Month: October 2014

Office 365 Proposed Architecture

 

UConn’s transition to a cloud-based email system marks a significant move to improve email services for faculty and staff. In order to take full advantage of the increased availability and accessibility of the system, UITS is proposing the following architecture for the systems involved in delivering email:

365Architecture

Authentication Systems will be handled by Office 365. The user account and password will be synced from the University Active Directory, allowing you to use your email address and netid password to sign in. This eliminates the dependency on infrastructure at the University, if there is an outage at the University, users can still access Office 365. As the system is synced with our local identity management system, accounts will be created and removed automatically based upon the users status within the payroll or student admin systems.

The vulnerability of this design is that if UConn’s campus resources are unavailable then the Office 365 services will become inaccessible. Therefore, UITS is planning on building geographic diversity into the design by implementing authentication servers at a partner site (such as UCHC or BEST) or a cloud-based system (such as Azure or Amazon). At least one ADFS server should be planned for an offsite location.

Directory Services are provided by Microsoft. However, in order for Microsoft to provide meaningful and up-to-date data, we must provide data to integrate into the Office 365 director. Account information (username, phone number, department, etc.) are sent to Microsoft through a service named DirSync. As changes to local identities are made, DirSync will ensure the changes are reflected in Office 365.

mail flow graphic

Mail routing will require some traditional services to be hosted at Storrs. SMTP services and the University’s Personal Name service will be hosted at Storrs. A major constraint driving this recommendation is that UConn email does not have a single destination – Student email is hosted at Google, and some University departments and units maintain dedicated email services. To ensure proper routing for these various systems all University mail will need to be routed through Storrs.
In order to build redundancy in to this system, SMTP services will be hosted offsite.

Hardware required to provide these services is expected to be 2 DirSync servers – 1 offsite and 1 onsite. In addition, DirSync requires MS SQL, so an additional server will be installed alongside of the DirSync servers. In addition to our existing SMTP infrastructure, 2 additional SMTP servers are planned to be installed in our offsite location. 2 ADFS servers will be provisioned, 1 onsite, 1 offsite.

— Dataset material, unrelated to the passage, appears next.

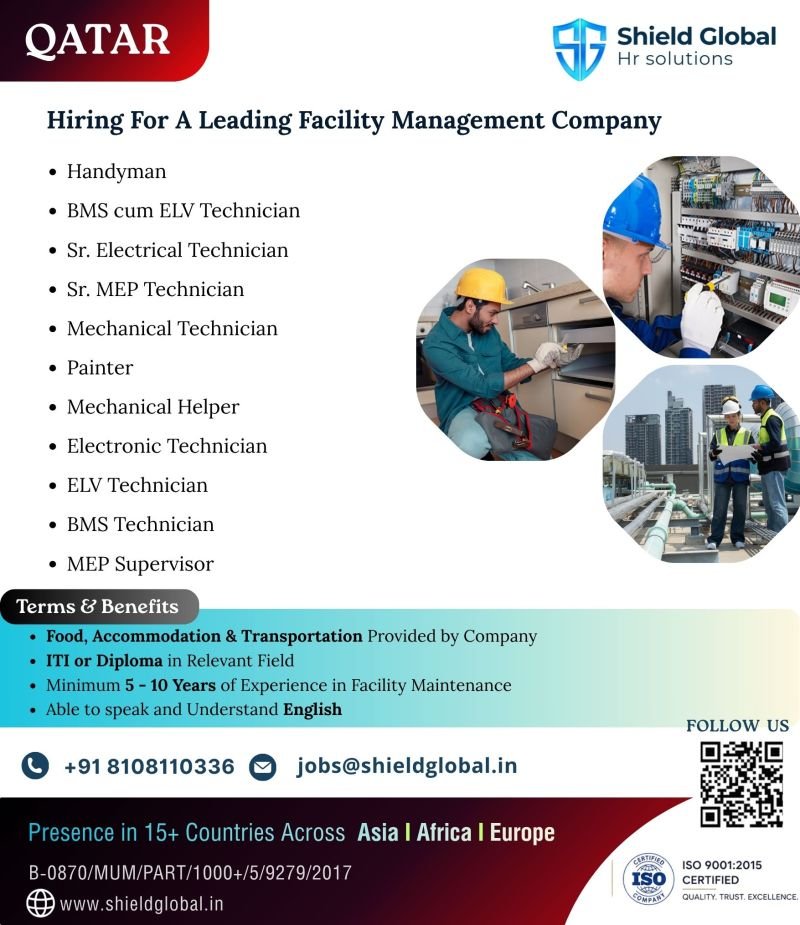 Qatar Jobs 2026: Facility Management Company Recruitment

In total, the hardware required to run these services is approximately 10 CPU’s, 40 GB’s of memory, and under 1 Terabyte of storage total, including the off site servers.

In order to maximize diversity and availability of our onsite authentication systems and mail routing, Active Directory domain controllers and SMTP servers will be installed at the MSB and HBL data centers.

Ultimately, if this design is realized, the expected outcome of a Storrs-based power or service outage will result in a short amount of downtime as the offsite systems are moved into an active state.

 

Microsoft Office 365

UITS has launched an initiative to explore a Microsoft Office 365 service offering for the University of Connecticut.

Microsoft Office 365 has the potential to enhance individual productivity and facilitate collaboration. It would provide significantly larger mailboxes, Office sharing and interaction tools, text and video chat, one terabyte of personal cloud storage, and other useful features.  We are currently in the research phase of the project and will reach out to request your feedback throughout the process.  Your insight and perspective will be critical to the successful development of an efficient design that maximizes the service potential for our community and an effective implementation plan that minimizes disruption during transition.